WHAT YOU NEED TO DO:
Take the line containing "居室 ヒルマステップス" as the first and the last line of the records below as the end, and please set down only what lies between them exactly, both ends included.

Web page caption snippets:
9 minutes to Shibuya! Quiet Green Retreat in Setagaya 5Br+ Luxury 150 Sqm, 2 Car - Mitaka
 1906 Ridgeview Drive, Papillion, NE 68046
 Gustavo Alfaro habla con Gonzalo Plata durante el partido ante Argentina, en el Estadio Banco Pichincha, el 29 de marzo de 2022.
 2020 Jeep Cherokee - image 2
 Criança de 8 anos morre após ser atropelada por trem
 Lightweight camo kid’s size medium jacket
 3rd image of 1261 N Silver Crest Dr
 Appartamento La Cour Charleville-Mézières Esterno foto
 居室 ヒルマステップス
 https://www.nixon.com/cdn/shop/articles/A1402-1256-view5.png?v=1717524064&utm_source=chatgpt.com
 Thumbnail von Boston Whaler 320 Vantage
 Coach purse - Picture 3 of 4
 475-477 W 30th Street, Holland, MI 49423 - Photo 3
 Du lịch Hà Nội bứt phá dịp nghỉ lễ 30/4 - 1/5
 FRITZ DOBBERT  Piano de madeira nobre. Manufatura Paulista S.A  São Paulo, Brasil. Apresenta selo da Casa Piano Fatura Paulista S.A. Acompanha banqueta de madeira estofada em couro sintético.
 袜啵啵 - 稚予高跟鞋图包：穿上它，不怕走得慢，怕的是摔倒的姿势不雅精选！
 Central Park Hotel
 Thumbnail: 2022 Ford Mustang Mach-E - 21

COMPLETED TASK:
 居室 ヒルマステップス
 https://www.nixon.com/cdn/shop/articles/A1402-1256-view5.png?v=1717524064&utm_source=chatgpt.com
 Thumbnail von Boston Whaler 320 Vantage
 Coach purse - Picture 3 of 4
 475-477 W 30th Street, Holland, MI 49423 - Photo 3
 Du lịch Hà Nội bứt phá dịp nghỉ lễ 30/4 - 1/5
 FRITZ DOBBERT  Piano de madeira nobre. Manufatura Paulista S.A  São Paulo, Brasil. Apresenta selo da Casa Piano Fatura Paulista S.A. Acompanha banqueta de madeira estofada em couro sintético.
 袜啵啵 - 稚予高跟鞋图包：穿上它，不怕走得慢，怕的是摔倒的姿势不雅精选！
 Central Park Hotel
 Thumbnail: 2022 Ford Mustang Mach-E - 21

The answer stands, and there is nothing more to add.